** SUPPLIED MATERIAL **

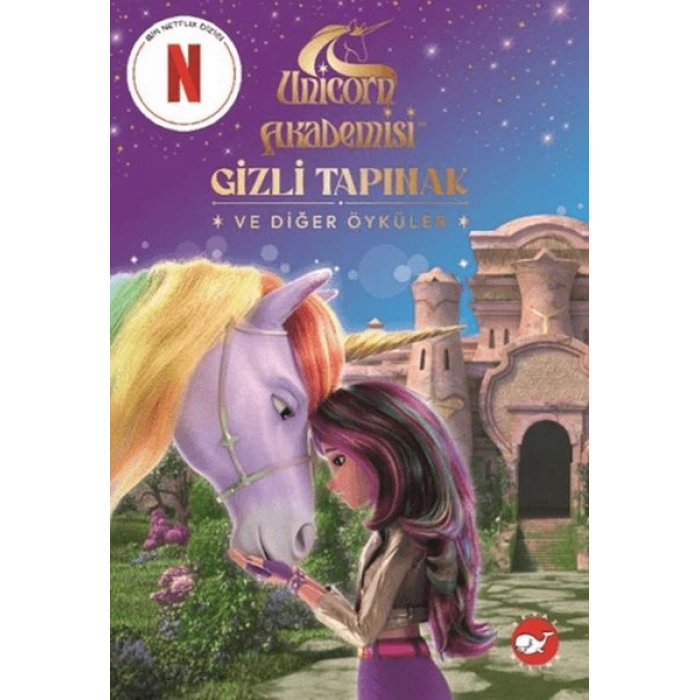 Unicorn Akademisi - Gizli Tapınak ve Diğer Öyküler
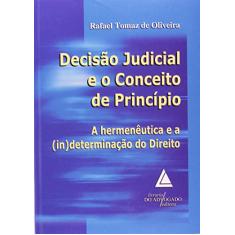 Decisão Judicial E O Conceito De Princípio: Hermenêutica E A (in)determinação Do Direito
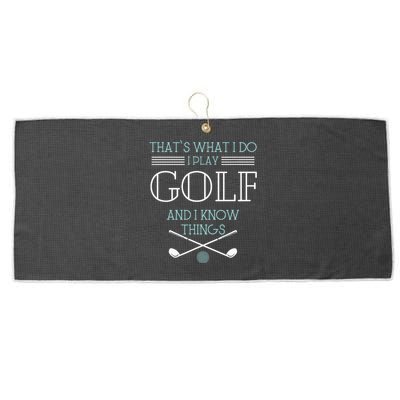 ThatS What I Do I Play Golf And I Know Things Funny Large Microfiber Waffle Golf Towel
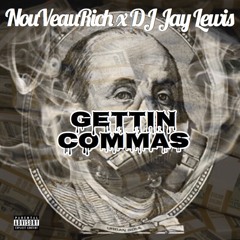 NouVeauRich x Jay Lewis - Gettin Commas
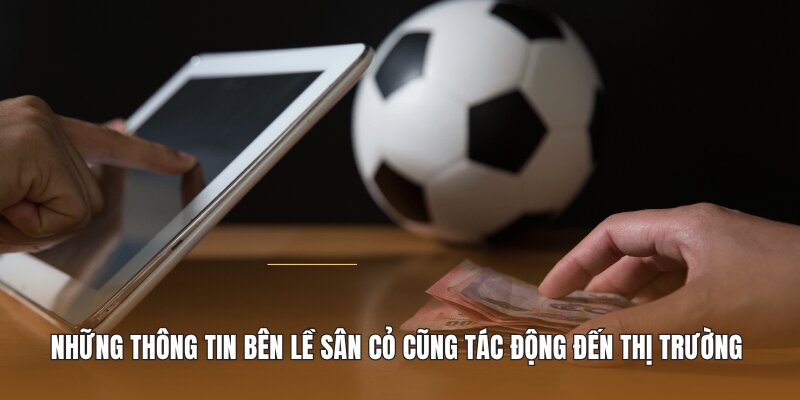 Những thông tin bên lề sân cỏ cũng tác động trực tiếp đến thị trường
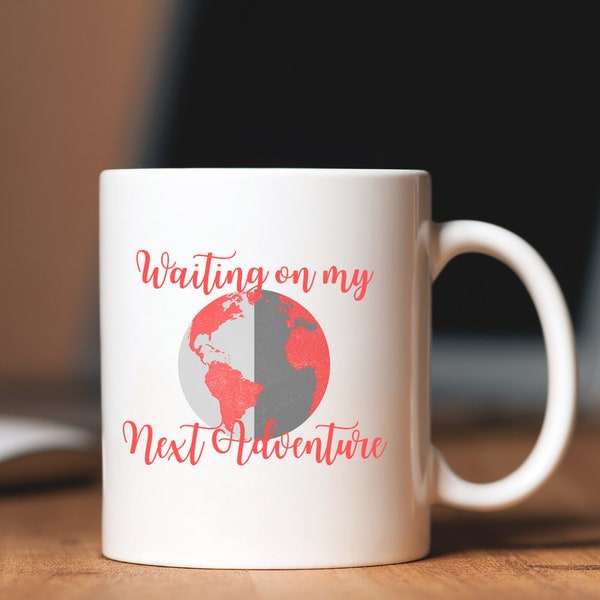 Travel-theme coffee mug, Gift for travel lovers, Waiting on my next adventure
==
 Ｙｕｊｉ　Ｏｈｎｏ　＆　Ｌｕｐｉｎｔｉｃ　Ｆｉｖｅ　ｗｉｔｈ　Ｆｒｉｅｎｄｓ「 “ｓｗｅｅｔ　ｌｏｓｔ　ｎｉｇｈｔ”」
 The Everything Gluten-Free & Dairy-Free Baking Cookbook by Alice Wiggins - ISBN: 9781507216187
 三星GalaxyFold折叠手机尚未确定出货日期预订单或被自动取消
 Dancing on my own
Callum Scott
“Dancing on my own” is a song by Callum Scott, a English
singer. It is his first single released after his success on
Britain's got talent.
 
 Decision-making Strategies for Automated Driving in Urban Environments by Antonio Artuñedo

** REQUIRED WORK **
Only the lines above from the line containing "singer. It is" through the line containing "Decision-making Strategies for" should be retyped, exactly and with both ends included.

** EXERCISE RESULT **
singer. It is his first single released after his success on
Britain's got talent.
 
 Decision-making Strategies for Automated Driving in Urban Environments by Antonio Artuñedo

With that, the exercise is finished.